How to be a More Successful Day Trader
Day trading promises lucrative returns and job flexibility, but the honest reality is that most people try it fail. Why? It’s usually because they didn’t have a plan for how to be successful.
Five Tips for Day Trading Success
Each year, thousands of people give day trading a shot. They read an article about a trader who struck it rich with very little experience and assume they can do the same.
Unfortunately, it isn’t that easy. Although there’s a potential for huge returns — especially in the current market — you can’t achieve success if you don’t have a basic knowledge of what you’re doing.
You have to master an array of technical topics before you start, of course, but it’s just as necessary to both use daily forex signals and grasp the psychological aspect of the matter. Here are five tips regarding best practices you should study.
- Have a Strategy
Becoming a day trader without a trading plan is like a blind person who tries to cross six lanes of traffic without any strategy for navigation. Neither scenario is apt to end well.

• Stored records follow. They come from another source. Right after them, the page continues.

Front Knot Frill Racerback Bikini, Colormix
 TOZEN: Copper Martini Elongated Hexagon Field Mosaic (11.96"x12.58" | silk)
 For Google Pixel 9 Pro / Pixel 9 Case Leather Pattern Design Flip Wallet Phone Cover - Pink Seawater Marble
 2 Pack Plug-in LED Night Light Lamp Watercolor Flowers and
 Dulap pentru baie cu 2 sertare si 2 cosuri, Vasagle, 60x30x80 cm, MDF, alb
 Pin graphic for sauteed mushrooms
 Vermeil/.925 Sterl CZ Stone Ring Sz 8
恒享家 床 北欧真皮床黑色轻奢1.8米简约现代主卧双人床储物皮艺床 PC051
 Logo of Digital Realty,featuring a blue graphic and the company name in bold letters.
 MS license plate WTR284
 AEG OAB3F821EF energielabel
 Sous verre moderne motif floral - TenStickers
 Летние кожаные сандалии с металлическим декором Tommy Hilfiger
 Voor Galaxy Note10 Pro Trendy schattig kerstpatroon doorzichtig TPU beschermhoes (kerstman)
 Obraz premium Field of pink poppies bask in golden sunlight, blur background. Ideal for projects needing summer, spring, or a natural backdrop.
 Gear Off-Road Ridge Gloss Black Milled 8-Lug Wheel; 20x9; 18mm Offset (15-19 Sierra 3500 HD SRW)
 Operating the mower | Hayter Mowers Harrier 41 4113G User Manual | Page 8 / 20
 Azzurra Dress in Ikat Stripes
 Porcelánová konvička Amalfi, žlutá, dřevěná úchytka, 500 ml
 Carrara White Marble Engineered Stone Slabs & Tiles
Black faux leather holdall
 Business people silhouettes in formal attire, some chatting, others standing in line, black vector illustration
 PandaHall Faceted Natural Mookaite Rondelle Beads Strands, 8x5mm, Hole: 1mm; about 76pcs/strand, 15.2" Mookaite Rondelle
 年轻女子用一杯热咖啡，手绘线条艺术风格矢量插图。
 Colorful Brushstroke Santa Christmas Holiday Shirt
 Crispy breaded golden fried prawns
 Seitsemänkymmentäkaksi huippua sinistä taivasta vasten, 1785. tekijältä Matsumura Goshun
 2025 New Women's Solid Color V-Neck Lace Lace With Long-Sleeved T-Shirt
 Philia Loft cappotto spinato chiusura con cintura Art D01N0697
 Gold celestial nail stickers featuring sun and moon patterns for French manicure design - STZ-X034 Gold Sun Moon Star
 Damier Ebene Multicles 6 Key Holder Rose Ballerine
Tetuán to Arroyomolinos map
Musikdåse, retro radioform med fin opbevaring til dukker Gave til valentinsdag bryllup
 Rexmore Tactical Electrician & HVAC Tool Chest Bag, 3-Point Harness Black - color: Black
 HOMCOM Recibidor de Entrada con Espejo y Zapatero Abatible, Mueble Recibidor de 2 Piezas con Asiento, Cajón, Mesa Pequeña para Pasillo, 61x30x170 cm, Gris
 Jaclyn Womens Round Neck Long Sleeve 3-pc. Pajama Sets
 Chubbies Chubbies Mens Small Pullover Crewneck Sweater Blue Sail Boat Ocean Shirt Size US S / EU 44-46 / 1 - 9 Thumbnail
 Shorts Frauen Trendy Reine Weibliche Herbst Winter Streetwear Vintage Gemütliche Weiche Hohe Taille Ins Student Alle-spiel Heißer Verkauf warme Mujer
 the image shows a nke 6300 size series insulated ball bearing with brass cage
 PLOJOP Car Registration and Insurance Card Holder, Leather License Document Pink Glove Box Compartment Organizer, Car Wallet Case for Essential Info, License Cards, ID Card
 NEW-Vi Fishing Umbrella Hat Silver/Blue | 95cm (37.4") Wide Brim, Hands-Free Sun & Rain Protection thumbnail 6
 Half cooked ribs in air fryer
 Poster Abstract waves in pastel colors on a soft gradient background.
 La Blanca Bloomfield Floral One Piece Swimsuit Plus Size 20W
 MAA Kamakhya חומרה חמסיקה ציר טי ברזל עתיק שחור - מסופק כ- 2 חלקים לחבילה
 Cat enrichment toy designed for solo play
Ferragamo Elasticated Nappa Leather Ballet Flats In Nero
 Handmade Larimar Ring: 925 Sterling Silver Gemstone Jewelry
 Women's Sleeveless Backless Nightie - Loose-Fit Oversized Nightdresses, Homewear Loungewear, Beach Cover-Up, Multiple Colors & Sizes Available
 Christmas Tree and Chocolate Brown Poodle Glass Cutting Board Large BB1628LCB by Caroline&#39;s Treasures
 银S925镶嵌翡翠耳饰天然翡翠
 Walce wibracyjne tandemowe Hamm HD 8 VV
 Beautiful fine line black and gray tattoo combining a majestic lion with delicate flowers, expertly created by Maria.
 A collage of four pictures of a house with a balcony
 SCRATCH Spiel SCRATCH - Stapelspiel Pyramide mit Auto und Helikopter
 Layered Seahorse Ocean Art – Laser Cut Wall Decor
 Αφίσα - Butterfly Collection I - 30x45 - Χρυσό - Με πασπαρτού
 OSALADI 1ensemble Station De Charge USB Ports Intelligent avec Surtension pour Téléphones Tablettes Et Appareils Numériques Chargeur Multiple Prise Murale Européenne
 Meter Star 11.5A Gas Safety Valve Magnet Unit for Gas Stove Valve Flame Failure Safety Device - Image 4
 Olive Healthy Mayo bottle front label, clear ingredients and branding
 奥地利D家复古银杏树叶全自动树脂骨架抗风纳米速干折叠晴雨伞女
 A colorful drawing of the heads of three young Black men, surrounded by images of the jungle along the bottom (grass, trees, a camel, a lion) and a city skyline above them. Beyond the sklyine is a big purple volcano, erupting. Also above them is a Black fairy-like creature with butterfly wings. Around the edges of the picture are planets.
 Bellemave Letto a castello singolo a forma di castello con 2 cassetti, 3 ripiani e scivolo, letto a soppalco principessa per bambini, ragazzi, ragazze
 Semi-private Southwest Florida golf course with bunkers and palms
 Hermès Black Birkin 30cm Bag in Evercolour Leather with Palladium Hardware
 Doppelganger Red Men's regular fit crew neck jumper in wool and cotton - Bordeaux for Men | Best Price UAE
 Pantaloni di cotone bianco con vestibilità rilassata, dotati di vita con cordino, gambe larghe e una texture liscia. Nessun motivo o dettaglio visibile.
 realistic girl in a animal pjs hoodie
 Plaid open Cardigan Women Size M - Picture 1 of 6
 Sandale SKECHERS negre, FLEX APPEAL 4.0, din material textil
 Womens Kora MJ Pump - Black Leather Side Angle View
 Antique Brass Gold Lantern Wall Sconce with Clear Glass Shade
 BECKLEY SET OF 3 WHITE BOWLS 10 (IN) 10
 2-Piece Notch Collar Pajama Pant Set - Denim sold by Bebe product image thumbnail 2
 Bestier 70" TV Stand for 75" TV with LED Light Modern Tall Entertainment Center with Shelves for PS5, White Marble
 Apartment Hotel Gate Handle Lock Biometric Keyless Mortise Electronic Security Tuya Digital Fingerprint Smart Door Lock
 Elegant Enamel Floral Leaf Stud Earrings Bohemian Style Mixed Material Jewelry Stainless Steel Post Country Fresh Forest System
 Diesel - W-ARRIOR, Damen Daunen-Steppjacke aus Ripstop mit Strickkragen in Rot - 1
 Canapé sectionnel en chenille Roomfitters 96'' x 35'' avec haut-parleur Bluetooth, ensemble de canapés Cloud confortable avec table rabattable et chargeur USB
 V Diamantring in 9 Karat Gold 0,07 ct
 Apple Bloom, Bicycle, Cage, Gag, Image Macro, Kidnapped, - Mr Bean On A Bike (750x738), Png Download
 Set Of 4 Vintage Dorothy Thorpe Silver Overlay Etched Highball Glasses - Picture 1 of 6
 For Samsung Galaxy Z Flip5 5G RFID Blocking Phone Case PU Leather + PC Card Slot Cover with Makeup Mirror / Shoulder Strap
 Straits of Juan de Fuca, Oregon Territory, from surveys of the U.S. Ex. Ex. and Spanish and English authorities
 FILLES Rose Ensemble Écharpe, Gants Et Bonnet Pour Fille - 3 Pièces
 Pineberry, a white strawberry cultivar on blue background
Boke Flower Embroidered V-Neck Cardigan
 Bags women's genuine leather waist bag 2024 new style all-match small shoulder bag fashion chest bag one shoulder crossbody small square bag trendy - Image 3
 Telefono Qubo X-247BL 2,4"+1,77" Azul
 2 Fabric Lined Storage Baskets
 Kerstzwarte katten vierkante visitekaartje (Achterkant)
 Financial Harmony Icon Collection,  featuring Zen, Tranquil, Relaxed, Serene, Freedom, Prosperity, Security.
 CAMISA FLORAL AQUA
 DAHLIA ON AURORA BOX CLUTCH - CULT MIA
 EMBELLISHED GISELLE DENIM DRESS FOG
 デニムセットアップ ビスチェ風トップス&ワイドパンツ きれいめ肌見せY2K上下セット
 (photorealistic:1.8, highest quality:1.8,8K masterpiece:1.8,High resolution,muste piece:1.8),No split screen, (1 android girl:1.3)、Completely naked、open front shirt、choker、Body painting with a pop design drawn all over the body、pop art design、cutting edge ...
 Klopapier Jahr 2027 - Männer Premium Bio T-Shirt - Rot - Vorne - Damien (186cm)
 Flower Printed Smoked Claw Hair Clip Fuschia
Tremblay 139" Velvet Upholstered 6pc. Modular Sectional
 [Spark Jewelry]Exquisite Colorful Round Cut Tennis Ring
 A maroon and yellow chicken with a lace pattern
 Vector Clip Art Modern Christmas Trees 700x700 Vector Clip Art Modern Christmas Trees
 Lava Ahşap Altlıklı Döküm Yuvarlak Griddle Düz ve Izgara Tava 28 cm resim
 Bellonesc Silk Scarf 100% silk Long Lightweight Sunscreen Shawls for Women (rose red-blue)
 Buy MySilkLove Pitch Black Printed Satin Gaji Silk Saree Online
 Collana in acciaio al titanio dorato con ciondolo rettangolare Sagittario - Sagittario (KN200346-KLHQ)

Although your strategy will improve over time, you have to start somewhere. Every strategy is different, but at a bare minimum, yours should list your objectives, when and how you will enter trades, when you will get out of a losing trade, when you will cash in on winning trades, and how you will determine your position size.
- Practice Mindfulness
There’s something to be said for technical analysis of stocks and studying the patterns and principles, but don’t underrate the psychological aspect of day trading. In particular, you should teach yourself to become more mindful.
“Mindfulness is a form of meditation,” NetPicks explains. “It’s all about being in the moment and totally aware of what’s going on around you. Even if you were to take away all of the supposed health benefits to meditation, being able to focus on something, without already having a bias, is surely a skill that any trader would wish to have.”
- Use Limit Orders
One of the biggest challenges beginners have with day trading is knowing when to trade a stock in order to limit a loss or maximize a gain. Many pull out too quickly or don’t move on a trade soon enough.
There’s no perfect formula for knowing the right time to make a trade, but using limit orders will help you minimize risk and enjoy steady returns.
- Avoid Chasing Losses
Psychologically, losses can be tough. When you lose money on a trade, your initial impulse may be to chase after the loss and make up for it. Unfortunately, chasing losses usually ends up digging an even bigger hole.
Successful day traders know when to accept a setback and move on. Even if you come out on top the first few times you chase a loss, sooner or later you’ll do yourself in.
- Never Risk More Than 2 Percent
As a rule, you should never risk more than 2 percent of your portfolio on a single trade. Thus, if you have $10,000 in an account, the maximum you ought to invest in a trade would be $200. This might sound pretty conservative, but it’s the best way to avoid burning yourself.
What’s Your Game Plan?
Day trading isn’t an activity to enter blindly without developing a strategy first. In order to create a sound strategy that gives you a good shot at being successful, you have to understand some of the basics and what it takes to be aggressive, yet disciplined.
The five tips cited in this article should give you a strong foundation upon which you may continue to prepare for a steady future in day trading.